The Presto query is difficult to extend in arbitrary ways.

The s4 query is easy to extend in arbitrary ways. Any executable or shell snippet can be inserted into the pipeline of an existing step or as a new step.

The Presto query has implicit intermediate results, which are not accessible.

The s4 query has explicit intermediate results, which are accessible.

The Presto query has multiple implicit steps which are difficult to analyze and measure independently.

The s4 query has multiple explicit steps which are easy to analyze and measure independently. In fact, we omitted it from the results before, but the s4 query timed each step.

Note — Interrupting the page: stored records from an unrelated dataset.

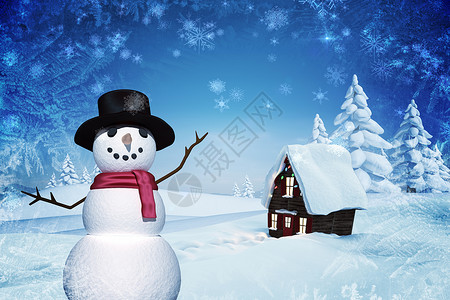 带雪人的圣诞别墅背景图片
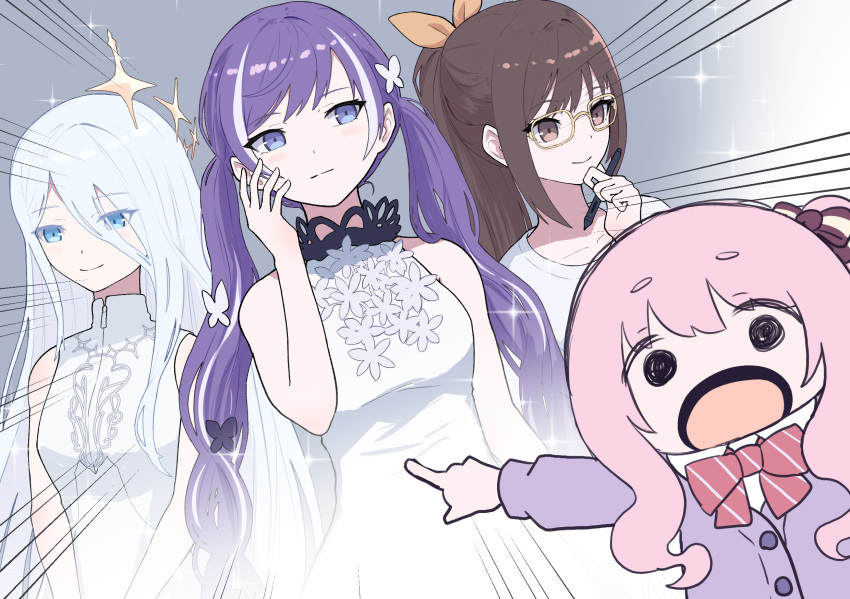 1other, 25-ji_nightcord_de._(project_sekai), 3girls, :o, akiyama_mizuki, alternate_hair_length_(longer), aoi_eno, arm_at_side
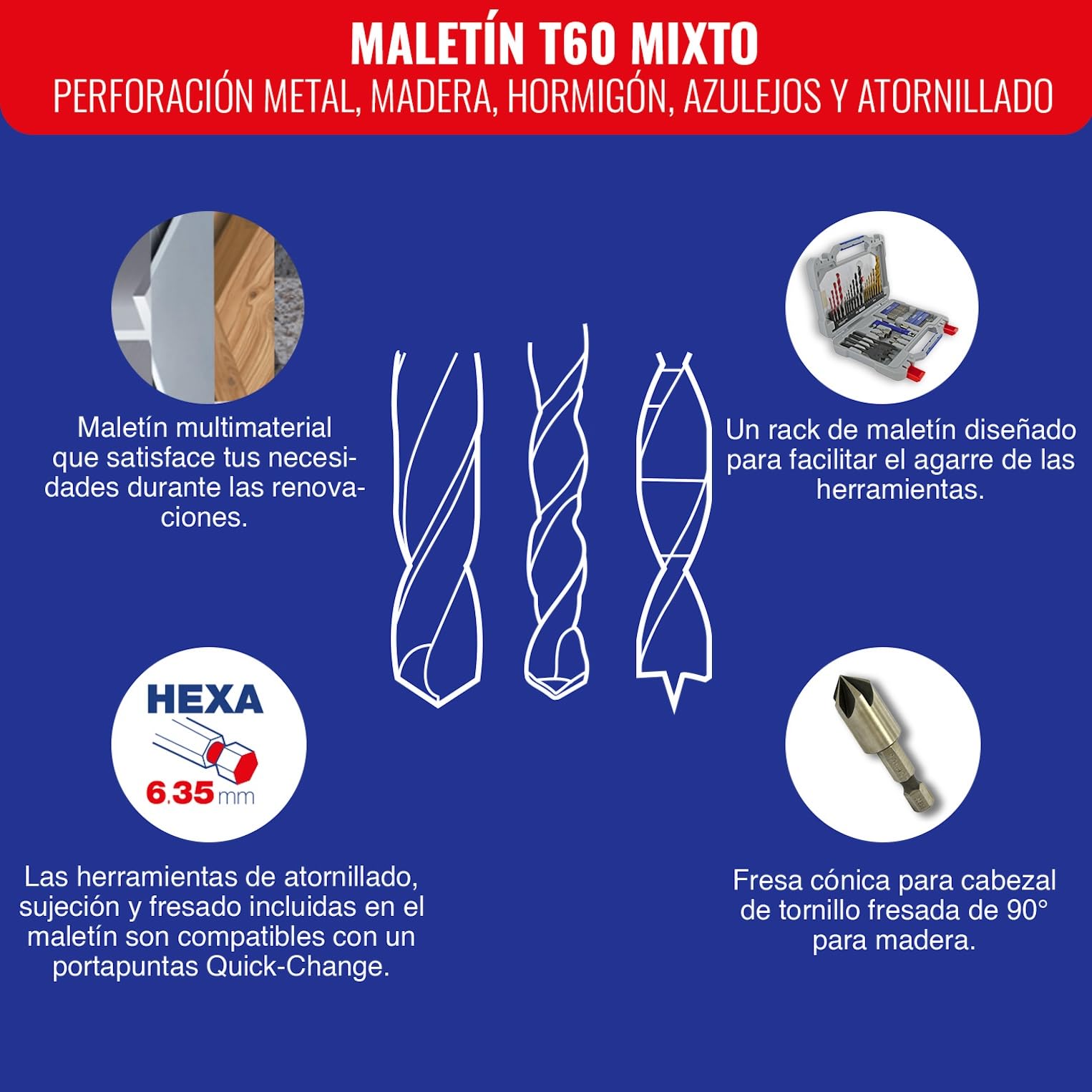 TIVOLY - Caja de Brocas + Puntas - Para Perforación y Atornillado - Maletín de 60 Piezas: 8 Brocas de Metal, 7 Brocas de Madera, 4 Mechas de Madera, 4 Brocas de Hormigón, 1 Portapuntas + 30 Puntas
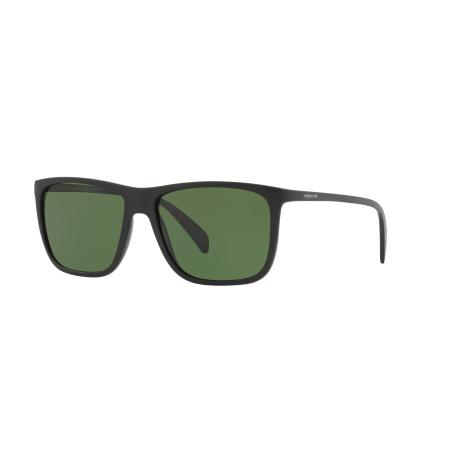 Sunglass Hut Collection Mannelijk Sunglass HU2004 - Framekleur: Matzwart, Lenskleur: Polarized Groen Classic G-15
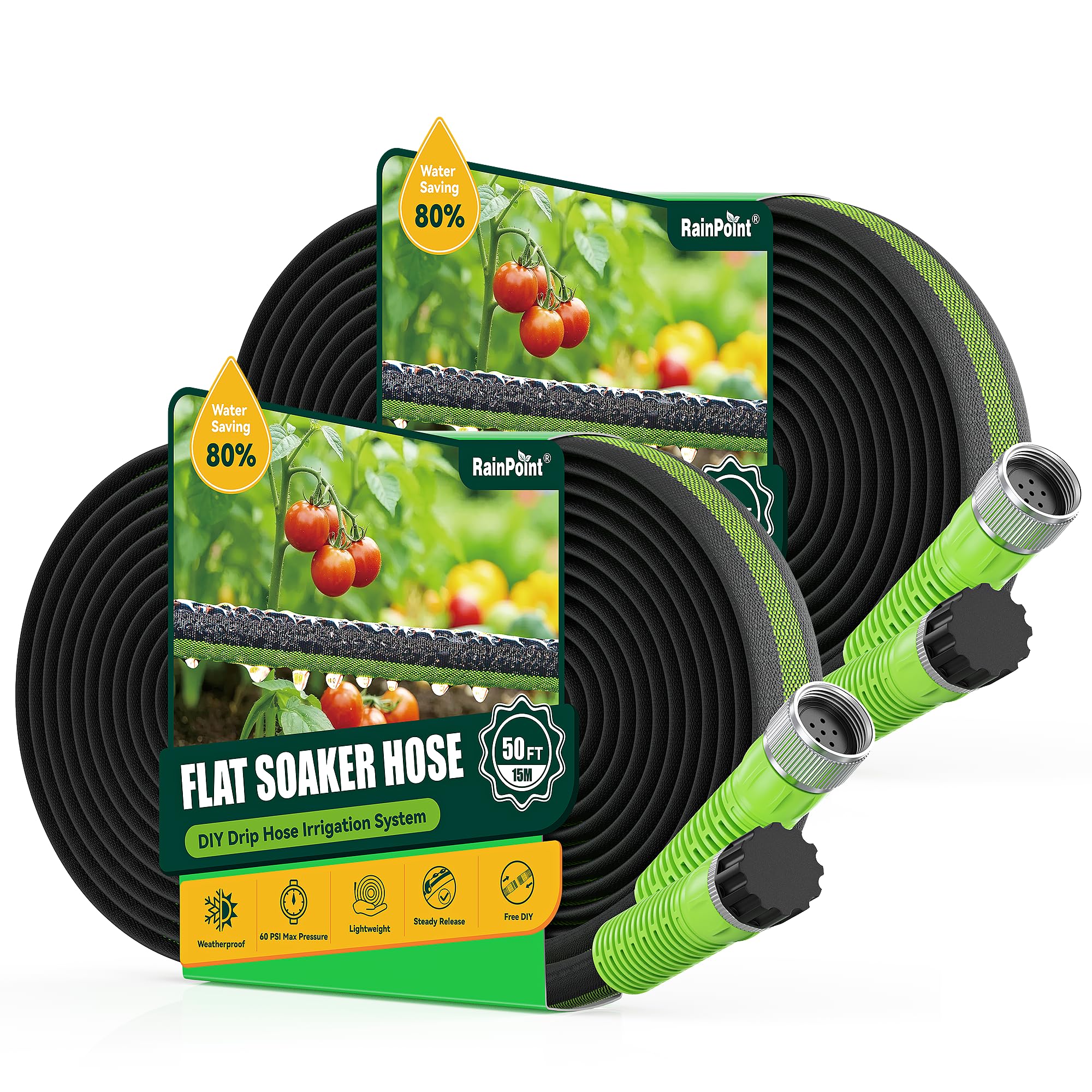 RAINPOINT 100FT Flat Soaker Hose for Garden (50FT x 2 Pack), Flexible & Leakproof Drip Hose with Anodized Aircraft Aluminum Fittings, Saves Up to 80% Water, Green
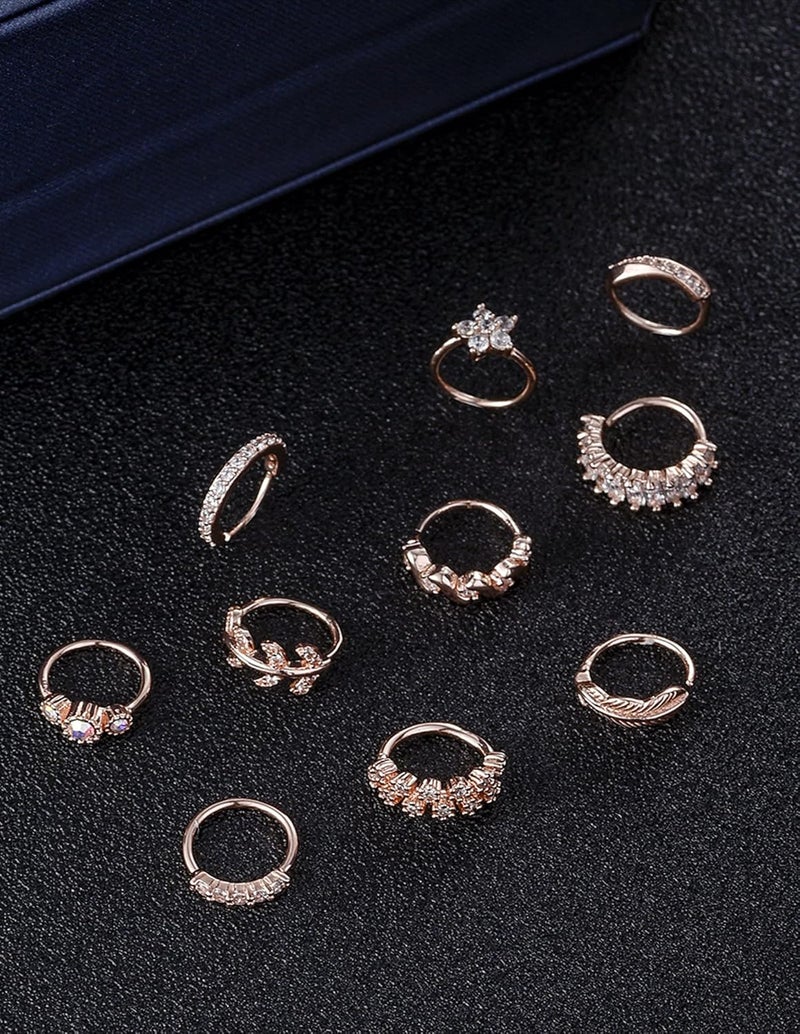 Tornito 10Pcs Nose Ring Hoop Paved Flower Leaf Feather CZ Cartilage Earrings Nose Piercing Jewelry for Women Men Silver Gold Rose Gold Tone 20G - Image 5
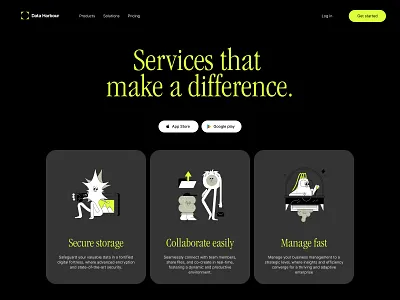 Cloud storage platform, services page. bold color buttons cards cloud cloud storage collaboration dark dark ui dropbox files google drive illustration minimal minimalism services ui ux webdesign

>> bash sort_by_distance.sh

+ s4 map 's4://columns/*/*_5' s4://tmp/01/ 'bsort -r f64'
ok ok ok ok ok ok ok ok ok ok ok ok
0m21.215s

+ s4 map-from-n s4://tmp/01/ s4://tmp/02/ 'bmerge -r f64'
ok ok ok ok ok ok ok ok ok ok ok ok
0m1.815s

+ s4 map-to-n s4://tmp/02/ s4://tmp/03/ 'bpartition -l 1'
ok ok ok ok ok ok ok ok ok ok ok ok
0m1.432s

+ s4 map-from-n s4://tmp/03/ s4://tmp/04/ 'bmerge -lr f64 | blz4'
ok
1m43.728s

2m10.216s

As we might expect, the final merge on a single machine is slow. Surprisingly, the merge and shuffle steps were very fast. I wonder how much time shuffle took for Presto?

Presto is excellent, and significantly faster than the previous generation. It should be used, at a minimum, to check the correctness of your batch processing.

s4 and bsv are primitives for distributed data processing. They are low level, high performance, and flexible. They should be used, at a minimum, to establish a performance baseline.